* [PROBLEM TO WORK ON]:
Give back every line of the data exactly. Pictures are not part of the copy.

* [DATASET SECTION]:

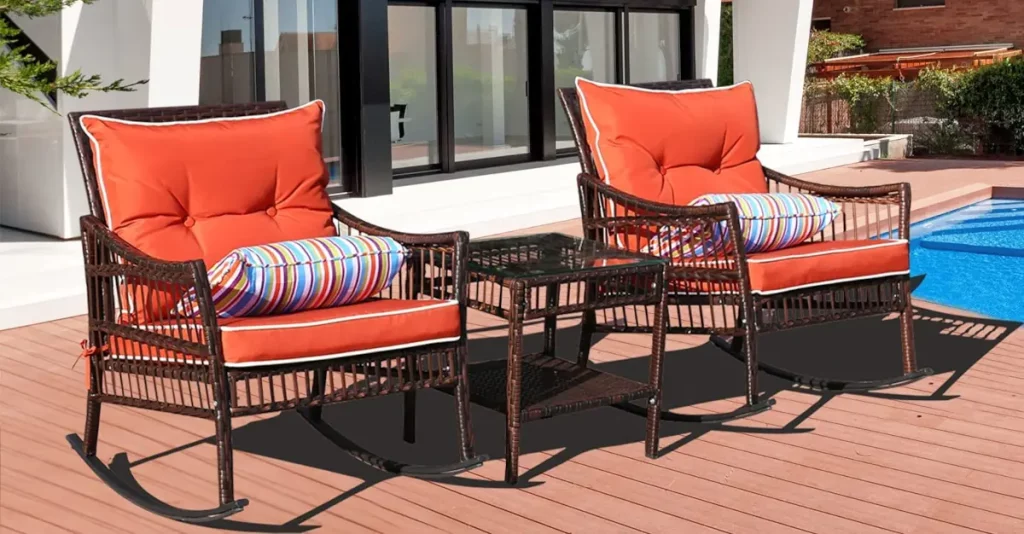 Orange Bistro Sets for patio outdoor featured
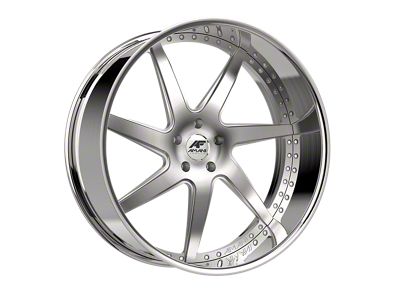 Amani Devine-L Brush Center with Chrome Lip Wheel; 26x9; 1mm Offset (20-24 Jeep Gladiator JT)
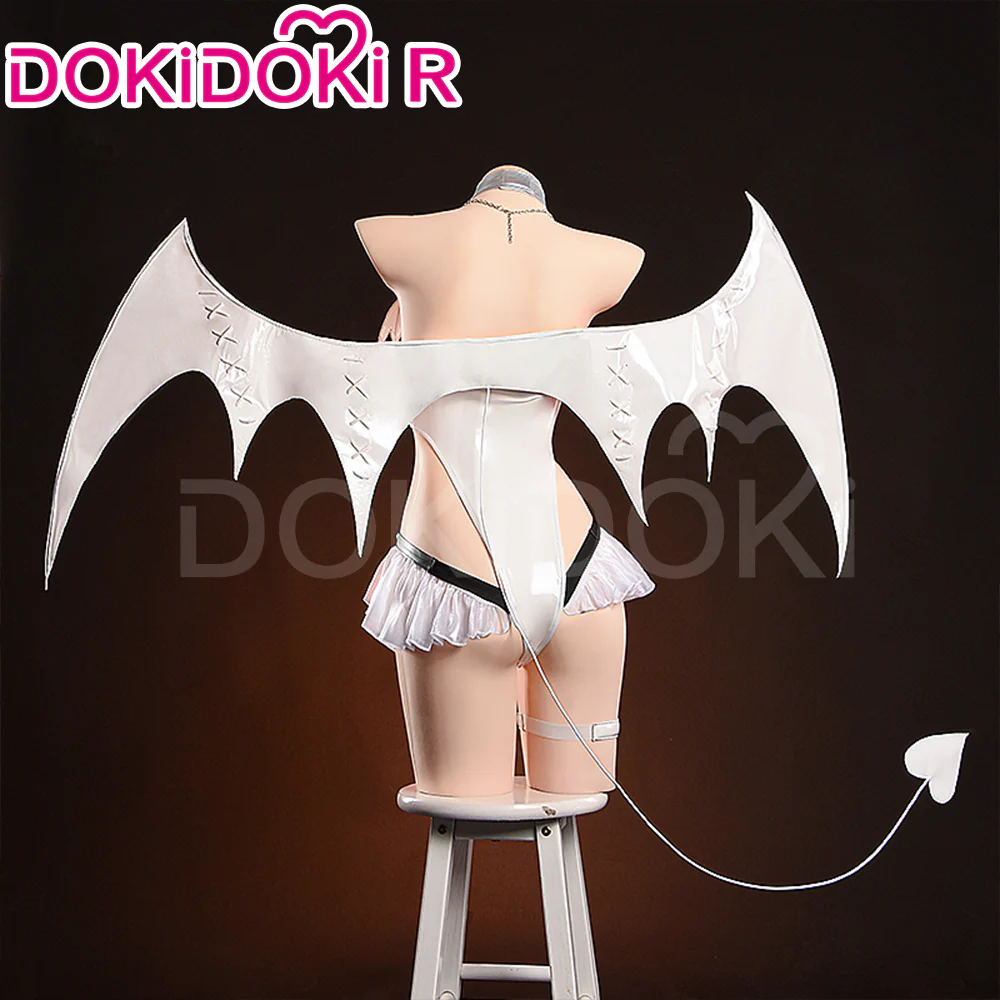 DokiDoki-R Game Cosplay Blanc White Rabbit Costume Sexy Angel Dress - Image 3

* [WRITTEN RESPONSE]:
 Orange Bistro Sets for patio outdoor featured
 Amani Devine-L Brush Center with Chrome Lip Wheel; 26x9; 1mm Offset (20-24 Jeep Gladiator JT)
 DokiDoki-R Game Cosplay Blanc White Rabbit Costume Sexy Angel Dress - Image 3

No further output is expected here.